Unfortunately, "Strangeland" is anything but focused and the first theme to go is that of online anonymity resulting in entrapment. In its place, however, we do glimpse the underground world of extreme body modification, a counterculture wave oddly rare on the silver screen. Off the top of my head, there is a reference to the Mandan origins of O-Kee-Pa suspension in Platinum Dunes' "Amityville Horror" remake and, well, apart from the likes of Ralph Fiennes' tattoo in "Red Dragon", that's it. You'd think we'd have a movie about piercings and/or tattoos coming to life, or at least a Freddy Krueger kill involving as much. Here our killer, pseudonym "Captain Howdy", is driven to achieve enlightenment - or at least subversive sexual gratification - through bringing his body to the limits of pain and alteration. Why, then, is he torturing hapless strangers to death? He's fucking Dee Snider, is that good enough?

Where "Strangeland" really gets bound and gagged, however, is in its tedious approach to heroes and antiheroes. Unlike the great "Texas Chain Saw Massacre", many films - even greats such as "Blacula" - get too caught up in the warranted side of the law, and this is no exception. Am I wrong to be confused when spotlights are shined on the least interesting figures? Highlighting the cop, here father to a Howdy victim, feels like pandering aimed at a demographic outside the target. Howdy and his actions are why we're watching, and make for the film's few genuinely frightening aspects. At least Rob Zombie's successors-in-spirit to "Massacre", "House of 1,000 Corpses" and "The Devil's Rejects", rendered the long arm engaging rather than obligatory.

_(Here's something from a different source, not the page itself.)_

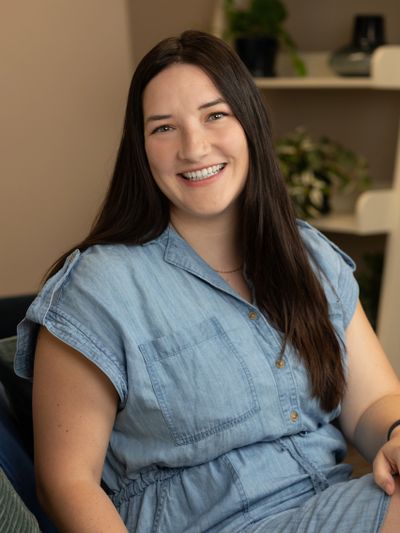 Smiling woman in a blue denim dress sitting indoors.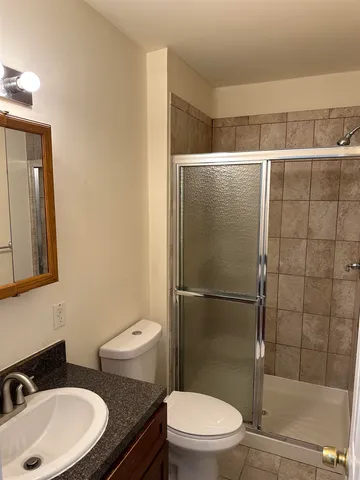 a bathroom with a toilet a sink and shower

Furthermore, Howdy's extended storyline is a dubious mess. At first we fear him, a dominant philosopher with a dauntingly shadowed demeanor. Then we pity him as he is harassed and brutalized by cruel yet arguably justified townsfolk, post-apprehension. Afterwards we cheer as he seeks his revenge, though finally we are encouraged to side with his principle adversary the cop - only the second blandest character to be found thanks to his even blander partner - and none of it gels. To look more deeply, one could say "Strangeland" hints at a greater ambiguity (that is, if there can be any in the case of torture) and even allows its would-be protagonist to go out fairly and as he may have pleased, on a note echoing the finale of "Point Break", though I find nothing to suggest these minor observations played part in the intention.

Indistinct and derivative (particularly of "Silence of the Lambs", even once blatantly thieving that film's famous misdirection sequence), "Strangeland" seems to execute its meager helping of good ideas during its establishment before realizing it has to keep trudging along to attain feature status. I would be cautiously optimistic about the long-proposed yet ever uncertain sequel, "Disciple", which would find Howdy mangled as opposed to dead (naturally) and brought by a billionaire to an exclusive body modification cult. Then, reports claim the currently "dead in the water" follow-up would seek Robert Englund to reprise his role as the town's main aggressor (from the mentioned "pity" phase), implying that the originally murky moral compass would also return.